Lights in the Dusk

  • Lights in the Dusk

9/25/23 (Sun)

The third offering (2006) in Kaurismäki’s Finland/Loser Trilogy. The Finnish title Laitakaupungin Valot is a takeoff on Chaplin’s City Lights (Kaupungin Valot), apparently meaning something like “Lights from the Other Side of the Tracks” – if that’s true, maybe they should have gone with an equally pun-filled Seedy Lights or Shitty Lights (pardon the language) or Far-From-the-City Lights. Both films end with the hapless protagonist getting out of prison and an uplifting clasp of hands with a woman. But the resemblance pretty much ends there, and maybe the English titlists were wise to ignore the pun.

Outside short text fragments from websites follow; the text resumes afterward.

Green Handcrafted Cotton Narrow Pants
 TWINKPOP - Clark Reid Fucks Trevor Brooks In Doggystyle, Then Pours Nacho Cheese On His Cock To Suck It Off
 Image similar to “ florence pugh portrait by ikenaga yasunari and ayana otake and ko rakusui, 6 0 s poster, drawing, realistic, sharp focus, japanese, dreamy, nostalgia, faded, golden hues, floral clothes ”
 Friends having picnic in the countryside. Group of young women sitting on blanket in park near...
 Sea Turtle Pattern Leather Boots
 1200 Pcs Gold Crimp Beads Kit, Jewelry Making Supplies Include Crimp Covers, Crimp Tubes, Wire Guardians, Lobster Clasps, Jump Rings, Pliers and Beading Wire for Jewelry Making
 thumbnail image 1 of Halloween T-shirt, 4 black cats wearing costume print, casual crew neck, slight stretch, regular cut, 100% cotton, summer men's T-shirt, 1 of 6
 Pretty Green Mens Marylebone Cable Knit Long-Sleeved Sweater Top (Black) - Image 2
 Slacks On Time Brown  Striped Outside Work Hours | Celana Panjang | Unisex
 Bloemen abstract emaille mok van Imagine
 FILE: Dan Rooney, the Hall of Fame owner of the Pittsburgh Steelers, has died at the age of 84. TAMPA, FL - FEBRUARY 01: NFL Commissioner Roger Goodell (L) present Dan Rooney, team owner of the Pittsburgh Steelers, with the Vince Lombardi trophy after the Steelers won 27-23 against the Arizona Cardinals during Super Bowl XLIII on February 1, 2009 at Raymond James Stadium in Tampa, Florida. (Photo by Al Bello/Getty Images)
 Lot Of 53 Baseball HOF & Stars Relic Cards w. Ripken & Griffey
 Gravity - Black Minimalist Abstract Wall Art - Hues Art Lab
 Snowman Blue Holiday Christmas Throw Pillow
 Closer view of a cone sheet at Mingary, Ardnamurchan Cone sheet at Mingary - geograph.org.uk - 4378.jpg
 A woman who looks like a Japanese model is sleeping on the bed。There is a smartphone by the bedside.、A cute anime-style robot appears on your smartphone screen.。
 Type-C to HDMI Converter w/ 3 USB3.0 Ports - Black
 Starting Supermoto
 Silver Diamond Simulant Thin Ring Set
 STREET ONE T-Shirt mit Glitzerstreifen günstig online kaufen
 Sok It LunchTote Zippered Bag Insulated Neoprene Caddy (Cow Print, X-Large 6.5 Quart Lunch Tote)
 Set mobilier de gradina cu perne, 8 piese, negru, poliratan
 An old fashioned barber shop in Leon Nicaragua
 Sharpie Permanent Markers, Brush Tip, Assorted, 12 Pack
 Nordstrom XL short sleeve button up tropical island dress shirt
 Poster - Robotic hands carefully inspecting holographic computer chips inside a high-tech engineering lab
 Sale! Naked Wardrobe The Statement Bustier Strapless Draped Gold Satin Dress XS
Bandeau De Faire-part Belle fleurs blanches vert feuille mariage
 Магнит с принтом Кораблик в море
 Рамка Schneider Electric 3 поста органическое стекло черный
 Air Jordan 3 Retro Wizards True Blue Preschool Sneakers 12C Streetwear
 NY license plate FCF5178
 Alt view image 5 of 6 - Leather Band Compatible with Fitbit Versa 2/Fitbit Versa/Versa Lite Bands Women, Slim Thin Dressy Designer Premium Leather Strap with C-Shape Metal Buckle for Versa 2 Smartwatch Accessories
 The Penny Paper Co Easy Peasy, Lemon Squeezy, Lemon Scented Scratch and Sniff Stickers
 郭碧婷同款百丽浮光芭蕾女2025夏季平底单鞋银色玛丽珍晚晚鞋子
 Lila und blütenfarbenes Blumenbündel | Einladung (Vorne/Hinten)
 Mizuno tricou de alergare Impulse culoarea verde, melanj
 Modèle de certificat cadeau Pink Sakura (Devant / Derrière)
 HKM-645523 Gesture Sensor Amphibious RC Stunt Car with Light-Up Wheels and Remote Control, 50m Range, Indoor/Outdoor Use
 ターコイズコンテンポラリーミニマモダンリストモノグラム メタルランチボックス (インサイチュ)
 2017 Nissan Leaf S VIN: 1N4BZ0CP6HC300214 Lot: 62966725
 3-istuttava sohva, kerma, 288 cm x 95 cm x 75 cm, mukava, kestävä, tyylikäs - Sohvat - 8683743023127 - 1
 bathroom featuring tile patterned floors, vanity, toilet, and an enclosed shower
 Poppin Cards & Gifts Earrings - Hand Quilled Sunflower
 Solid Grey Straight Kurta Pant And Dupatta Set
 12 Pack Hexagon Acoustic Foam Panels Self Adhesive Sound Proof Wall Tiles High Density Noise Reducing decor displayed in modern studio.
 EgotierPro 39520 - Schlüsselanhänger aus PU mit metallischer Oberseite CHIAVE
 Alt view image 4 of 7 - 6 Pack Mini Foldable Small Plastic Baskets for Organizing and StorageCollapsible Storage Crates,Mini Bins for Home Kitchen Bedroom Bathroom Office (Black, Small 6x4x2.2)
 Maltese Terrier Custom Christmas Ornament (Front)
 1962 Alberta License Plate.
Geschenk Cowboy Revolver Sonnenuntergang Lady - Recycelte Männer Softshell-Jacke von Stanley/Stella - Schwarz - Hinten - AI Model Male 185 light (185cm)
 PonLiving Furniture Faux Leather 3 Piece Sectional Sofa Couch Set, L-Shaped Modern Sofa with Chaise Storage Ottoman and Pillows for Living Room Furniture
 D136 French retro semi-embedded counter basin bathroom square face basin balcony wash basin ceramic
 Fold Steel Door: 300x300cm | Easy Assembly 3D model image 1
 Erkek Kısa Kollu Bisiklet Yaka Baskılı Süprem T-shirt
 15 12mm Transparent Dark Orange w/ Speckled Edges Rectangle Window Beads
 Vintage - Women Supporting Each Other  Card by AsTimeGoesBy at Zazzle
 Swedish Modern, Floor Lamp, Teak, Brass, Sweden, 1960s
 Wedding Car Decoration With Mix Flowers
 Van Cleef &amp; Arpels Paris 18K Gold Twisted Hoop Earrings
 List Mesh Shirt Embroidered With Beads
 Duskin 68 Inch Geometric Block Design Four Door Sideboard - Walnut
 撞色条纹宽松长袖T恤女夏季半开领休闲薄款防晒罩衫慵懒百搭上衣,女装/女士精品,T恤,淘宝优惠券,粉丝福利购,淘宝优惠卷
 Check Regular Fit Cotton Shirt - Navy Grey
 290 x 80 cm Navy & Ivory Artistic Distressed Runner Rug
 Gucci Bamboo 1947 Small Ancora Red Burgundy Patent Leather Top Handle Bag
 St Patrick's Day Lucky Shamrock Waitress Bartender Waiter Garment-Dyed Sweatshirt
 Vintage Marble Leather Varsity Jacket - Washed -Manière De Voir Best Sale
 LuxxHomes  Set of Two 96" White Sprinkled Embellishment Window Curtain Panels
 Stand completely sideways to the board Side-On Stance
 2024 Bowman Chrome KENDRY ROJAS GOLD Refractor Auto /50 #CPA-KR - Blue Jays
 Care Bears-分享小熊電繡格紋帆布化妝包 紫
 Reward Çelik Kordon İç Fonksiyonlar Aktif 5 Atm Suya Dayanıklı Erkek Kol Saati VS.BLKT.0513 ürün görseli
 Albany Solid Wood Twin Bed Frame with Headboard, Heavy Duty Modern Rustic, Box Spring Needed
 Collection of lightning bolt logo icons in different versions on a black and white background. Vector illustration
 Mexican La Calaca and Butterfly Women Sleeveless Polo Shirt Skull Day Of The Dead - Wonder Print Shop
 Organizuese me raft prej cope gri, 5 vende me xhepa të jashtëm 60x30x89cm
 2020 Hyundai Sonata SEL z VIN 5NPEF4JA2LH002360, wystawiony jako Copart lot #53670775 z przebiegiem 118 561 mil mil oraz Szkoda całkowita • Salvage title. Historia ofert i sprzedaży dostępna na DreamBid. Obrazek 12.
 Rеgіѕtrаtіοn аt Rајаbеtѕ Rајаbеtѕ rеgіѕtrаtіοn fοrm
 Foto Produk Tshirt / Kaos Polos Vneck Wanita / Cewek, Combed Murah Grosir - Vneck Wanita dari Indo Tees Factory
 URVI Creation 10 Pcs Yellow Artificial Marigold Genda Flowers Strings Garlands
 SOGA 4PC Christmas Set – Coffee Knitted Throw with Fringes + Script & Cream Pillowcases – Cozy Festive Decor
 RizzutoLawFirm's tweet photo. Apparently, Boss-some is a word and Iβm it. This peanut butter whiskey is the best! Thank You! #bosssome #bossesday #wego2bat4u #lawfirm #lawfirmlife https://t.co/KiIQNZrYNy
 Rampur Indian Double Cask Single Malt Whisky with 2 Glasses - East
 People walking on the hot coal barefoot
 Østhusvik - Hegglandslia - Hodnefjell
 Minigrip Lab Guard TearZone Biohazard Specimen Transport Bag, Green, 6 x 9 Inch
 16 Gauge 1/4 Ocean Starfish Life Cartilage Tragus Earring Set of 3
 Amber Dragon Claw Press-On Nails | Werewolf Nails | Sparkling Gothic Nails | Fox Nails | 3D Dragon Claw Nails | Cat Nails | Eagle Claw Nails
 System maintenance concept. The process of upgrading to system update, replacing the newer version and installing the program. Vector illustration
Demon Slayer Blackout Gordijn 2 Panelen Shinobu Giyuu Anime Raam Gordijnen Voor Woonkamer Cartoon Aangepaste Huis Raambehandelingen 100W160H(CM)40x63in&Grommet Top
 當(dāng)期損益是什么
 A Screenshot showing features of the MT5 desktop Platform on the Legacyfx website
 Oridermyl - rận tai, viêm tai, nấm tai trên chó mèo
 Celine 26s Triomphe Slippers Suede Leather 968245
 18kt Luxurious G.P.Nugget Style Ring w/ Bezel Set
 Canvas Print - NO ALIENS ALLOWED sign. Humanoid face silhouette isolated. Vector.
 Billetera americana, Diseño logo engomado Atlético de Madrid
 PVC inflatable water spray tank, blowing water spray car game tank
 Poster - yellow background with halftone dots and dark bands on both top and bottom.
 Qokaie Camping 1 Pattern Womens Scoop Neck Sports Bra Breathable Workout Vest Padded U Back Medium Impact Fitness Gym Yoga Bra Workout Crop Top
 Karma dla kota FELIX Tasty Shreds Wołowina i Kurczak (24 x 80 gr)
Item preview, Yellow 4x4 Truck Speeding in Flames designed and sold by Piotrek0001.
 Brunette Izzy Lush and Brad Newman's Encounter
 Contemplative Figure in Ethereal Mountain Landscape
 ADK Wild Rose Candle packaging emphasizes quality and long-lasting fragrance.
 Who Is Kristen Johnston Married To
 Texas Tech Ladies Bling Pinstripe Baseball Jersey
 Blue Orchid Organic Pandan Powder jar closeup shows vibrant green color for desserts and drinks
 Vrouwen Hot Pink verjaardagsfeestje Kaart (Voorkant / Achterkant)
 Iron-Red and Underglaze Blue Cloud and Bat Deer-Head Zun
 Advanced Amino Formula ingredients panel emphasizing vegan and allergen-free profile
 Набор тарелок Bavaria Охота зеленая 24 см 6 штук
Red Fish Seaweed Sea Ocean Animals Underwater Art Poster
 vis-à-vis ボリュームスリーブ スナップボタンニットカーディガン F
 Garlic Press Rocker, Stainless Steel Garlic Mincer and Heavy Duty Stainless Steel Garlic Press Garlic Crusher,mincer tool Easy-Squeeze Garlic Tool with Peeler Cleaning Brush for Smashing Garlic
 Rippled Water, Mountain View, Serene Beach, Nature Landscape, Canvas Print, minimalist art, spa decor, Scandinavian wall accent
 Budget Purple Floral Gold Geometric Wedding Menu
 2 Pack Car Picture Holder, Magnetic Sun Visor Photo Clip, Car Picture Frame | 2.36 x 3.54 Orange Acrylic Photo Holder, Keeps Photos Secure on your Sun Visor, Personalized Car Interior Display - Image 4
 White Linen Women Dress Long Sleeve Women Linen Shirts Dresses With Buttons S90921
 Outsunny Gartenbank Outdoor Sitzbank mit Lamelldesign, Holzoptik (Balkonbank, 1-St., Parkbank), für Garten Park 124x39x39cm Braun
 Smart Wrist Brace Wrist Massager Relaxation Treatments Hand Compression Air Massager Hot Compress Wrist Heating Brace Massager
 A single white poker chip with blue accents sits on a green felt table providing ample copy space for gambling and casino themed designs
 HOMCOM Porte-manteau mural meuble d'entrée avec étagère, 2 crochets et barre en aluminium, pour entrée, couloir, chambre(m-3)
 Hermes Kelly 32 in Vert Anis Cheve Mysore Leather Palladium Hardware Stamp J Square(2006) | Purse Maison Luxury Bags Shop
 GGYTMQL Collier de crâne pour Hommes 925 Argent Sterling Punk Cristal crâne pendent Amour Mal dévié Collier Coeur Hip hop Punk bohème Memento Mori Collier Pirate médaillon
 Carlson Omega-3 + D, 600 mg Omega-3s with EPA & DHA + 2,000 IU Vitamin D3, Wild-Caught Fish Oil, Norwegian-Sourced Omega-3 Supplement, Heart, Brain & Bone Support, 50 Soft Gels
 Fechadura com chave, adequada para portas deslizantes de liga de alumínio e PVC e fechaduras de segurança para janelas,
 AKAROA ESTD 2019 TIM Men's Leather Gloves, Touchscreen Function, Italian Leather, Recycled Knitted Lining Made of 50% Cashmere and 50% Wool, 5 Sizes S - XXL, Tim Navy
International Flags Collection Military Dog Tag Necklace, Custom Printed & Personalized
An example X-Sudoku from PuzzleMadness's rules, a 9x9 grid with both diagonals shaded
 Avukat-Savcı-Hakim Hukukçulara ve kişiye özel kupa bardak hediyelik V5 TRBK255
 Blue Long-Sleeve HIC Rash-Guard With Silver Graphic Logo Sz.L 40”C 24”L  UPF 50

A socially inept security guard is disparaged by his co-workers and ignored by women. His only friend is a female hot dog vendor who, obvious to everyone but him, has feelings for him as she listens to his dreams of opening his own security firm. Nothing goes his way even when he tries to do right, such as complaining about the inhumane treatment of a dog and getting beaten up (off-screen, as usual for the director) for his troubles.

When he is approached one day by a beautiful blonde who wants to go out with him, he immediately responds, never suspecting that she has been sent by criminals to gain access to a jewelry store under his guard. She eventually drugs him and steals his keys, allowing the criminals to rob the store clean, then plants evidence in his room that leads to his arrest. The man realizes that he’s been had and even spots the woman leaving the evidence but, blinded by some sort of moral conviction or a refusal to acknowledge his naiveté, he tells the police nothing and goes to prison for a year (a prison scene is the only time he smiles).

After he gets out, he manages to find a job as a dishwasher at a high-end restaurant. When the woman and criminal visit the restaurant one day, however, they expose him as a former thief, leading to his dismissal. He tries clumsily to kill the criminal but is quickly caught, beaten, and left lying in the harbor. The hot dog seller, alerted to the situation, finds him and begs him not to die. He reaches out his hand to her for his first self-initiated action, a vaguely positive if ambiguous ending.

The man is frustratingly passive to an unrealistic degree. When the woman plants objects in his apartment linking him to the crime, for instance, we would normally expect him at least to hide them. Instead he leaves them as is and just waits for the police to arrive. That is not credible under any logic. The director’s stone-faced approach has become a parody of itself here. The character reminds some reviewers of Camus’ The Stranger, but that doesn’t excuse unrealistic behavior even within the peculiar robotic world that Kaurismäki has created. Upending expectations is one thing, as with the femme fatale’s disdain for the man even to the end. But going against human nature is another.

The film includes the director’s usual touches, including colorful rooms vs. colorless people, off-screen violence followed by on-screen bloody faces, a dog, lots of smoking and drinking, and Kati Outinen in a brief cameo. But he loses the common touch here. A disappointment.